Away to Lanferelle’s right a furious battle raged around the king’s four standards. Scores of Frenchmen wanted the honor of capturing England’s king, but they faced the same horrors that dogged the rest of the French attackers. Their front rank had gone down fast, its men exhausted by the mud and wounded by the arrow-storm, and the king’s bodyguard had killed them with axes, maces, and mauls. Now the attackers tripped on bodies and were met by ax strokes, yet still they pushed forward and a French lance pierced the faulds of Humphrey, Duke of Gloucester, the king’s younger brother, and the blow to the groin drove him down into the furrows. Frenchmen surged to take the fallen man prisoner, but Henry stood over his injured brother and used his sword two-handed to hack at the enemy. He fought with a sword because he regarded that as a royal weapon, and if it put him at a disadvantage against men armed with poleaxes and maces, then Henry did not acknowledge it, because he knew God was with him. He could feel God in his heart, he sensed God giving him strength, and even when a French poleax rang on his crowned helmet with a sudden blinding force, God protected him. A golden fleuret was chopped from the crown and his helmet was dented, but the steel was not broken and the leather liner soaked some of the blow’s force and Henry stayed conscious as he lunged the sword into the axman’s armpit and screamed his war cry. “Saint George!”

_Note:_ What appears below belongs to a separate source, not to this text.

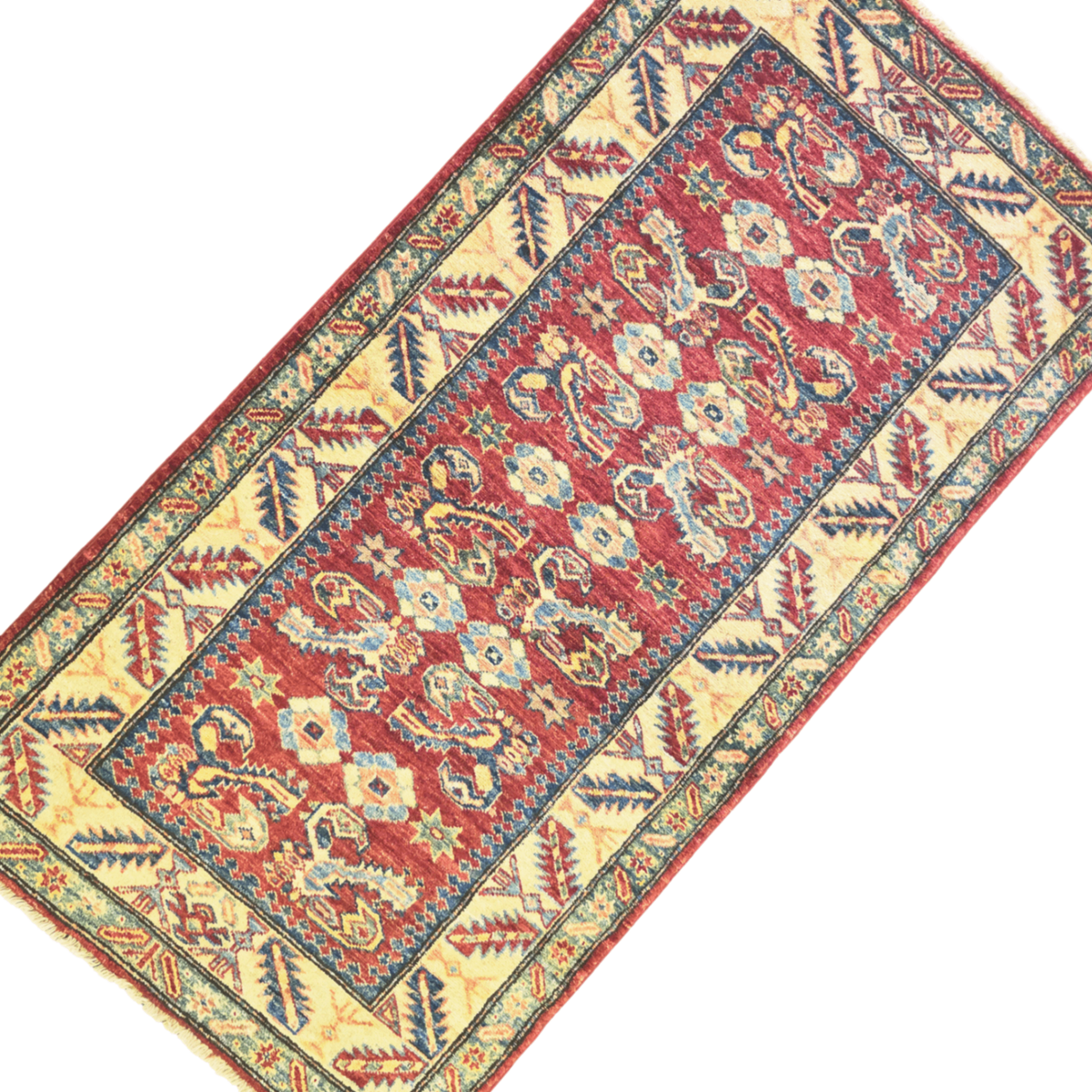 153 x 80 cm Hand Knotted Afghan Kazak Rug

Henry of England was filled by a God-given joy. Never, in all his life, had he felt closer to God, and he almost pitied the men who came to be killed for they were being killed by God. Henry’s bodyguard flanked him and, one by one, they killed eighteen Frenchmen who, only the night before, had sworn a solemn oath to kill or capture the King of England. The eighteen had been bound together by their oath and they had advanced together and now they died together. Their bodies lay tangled and bloody to impede the men who still wanted the fame of capturing a king. A Frenchman bellowed his challenge, stumbling forward, spiked mace thrashing at the king, and the king slammed the sword hard forward to lodge the point in the slit of the Frenchman’s visor, and the mace struck a man next to the king, who staggered, and another Englishman drove his poleax spike into the Frenchman’s throat so that blood ran down the ax’s iron-sheathed handle. The man sank to his knees, and the king rammed the blade into the visor’s slit, butchering the man’s lips and tongue. Blood welled at the slit, a poleax slammed onto the man’s helmet, driving in the steel and opening the skull to spray the king with blood as he ripped his sword free and parried a lance thrust. “Saint George!” he shouted and felt the divine power thrill through his veins. The Frenchman with the lance had an open visor and Henry saw fear in the man’s eyes, then a mute appeal for mercy as his lance was wrenched from his hands, but God did not want mercy for Henry’s enemies and so the king cut his sword across the man’s face to slice open both his eyeballs. One of the royal bodyguard cracked the blinded man’s helmet with a maul, and so another body was added to the heap of French dead that protected the English line.
And the English line held. In places it had been driven back by the weight of attacking men-at-arms, but the line did not break, and now it was protected by ramparts of dead and wounded Frenchmen, and in places the line bulged forward as the English counterattacked into the French formation. And the French, unable to march straight ahead, began to spread to their flanks.